Using default behavior and specific behavior in rules
In access control rules, you can apply a default behavior or action and one or several specific actions.
Define specific actions if you want to allow or block access from identified applications to the resource targeted by the rule.
You can add several specific actions in the same rule: one for example, to allow certain applications, and one to block others. In this case, the order of specific actions matters: if an application in the first specific action can access the resource, the rule applies and the second specific action will not be read.
In a protection rule set, enable default behavior when you want to ensure that access to the resource will be blocked or allowed, regardless of which rules follow.
EXAMPLE 1
In code execution rules:
- To prevent the DLL *\lxssmanager.dll from running on all applications, enable default behavior with Execution = Block.
- To prevent the DLL *\system.management.automation.dll from running on all applications except legitimate applications, enable default behavior with Execution = Block and add a specific action Legitimate applications = Allow.
EXAMPLE 2
In file access rules:
To always allow the account NT SERVICE\TrustedInstaller to run powershell scripts (*.ps), enable default behavior with Read = Allow.
In the examples above, access will ALWAYS be allowed or blocked.

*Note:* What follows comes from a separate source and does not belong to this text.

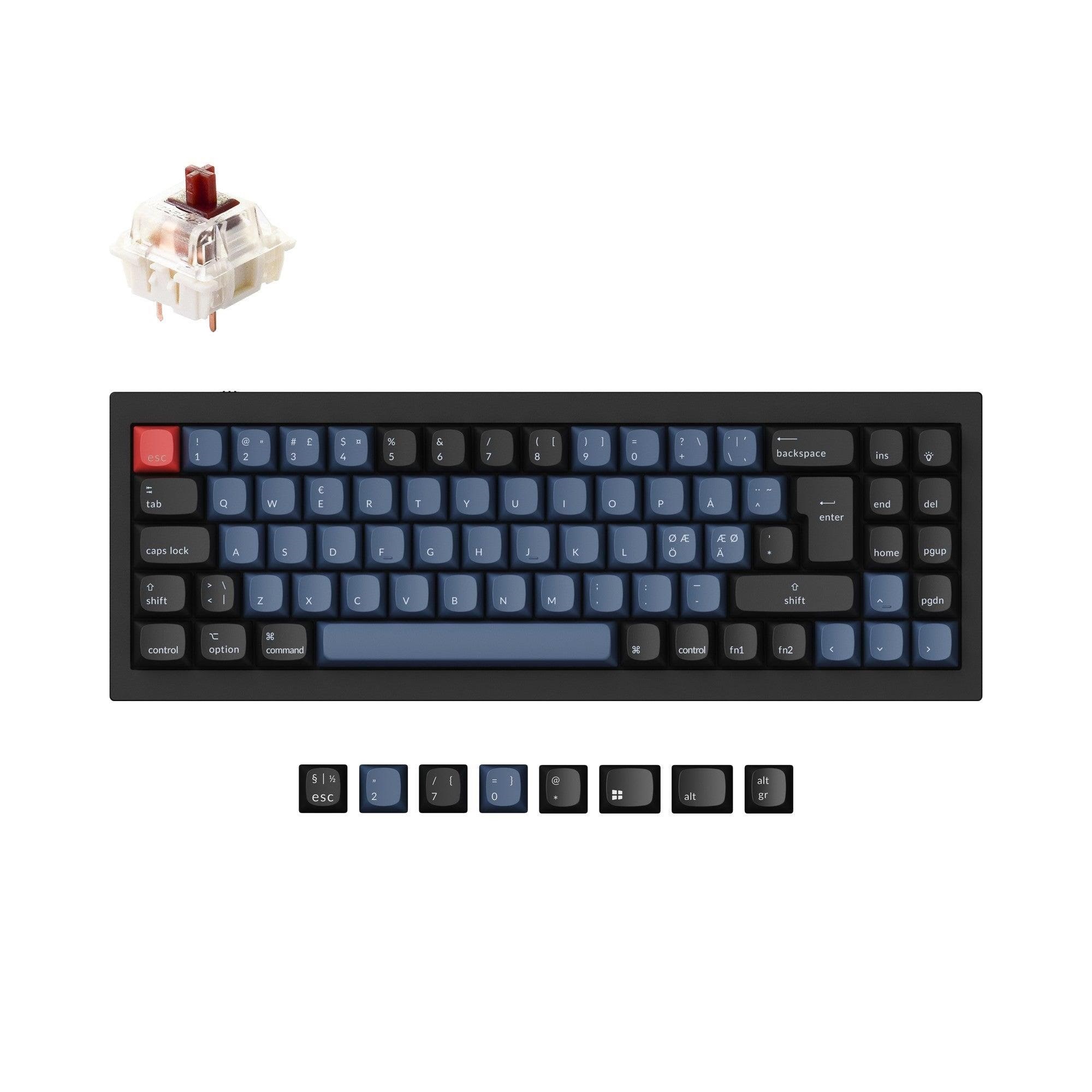 Keychron Q7 QMK Wired - Gateron G Pro Brown - Gaming Tastatur - Uden Numpad - Nordisk - Sort Tastatur Q7-M3-BO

Enabling default behavior means that rules for the resource in question will no longer be read. As such, any rules placed after this rule will not apply.
In audit rules, the default behavior is ignored, and all rules will be read every time.
In a protection rule set, disable default behavior when you want to ensure that the next rule affecting the same resource will be read.
- In the file access rules, to ensure that different log levels are generated according to which applications access the same resource, disable default behavior on the first rule, add a specific action to block certain applications, and apply a specific log level.
Next, create a second rule with a different specific action and a different log level. - In the process access rules, create the first rule to grant the Windows task manager all permissions to all processes and disable default behavior. With this configuration, the task manager will never be blocked by subsequent rules that may prohibit some applications from accessing some processes that may include the manager.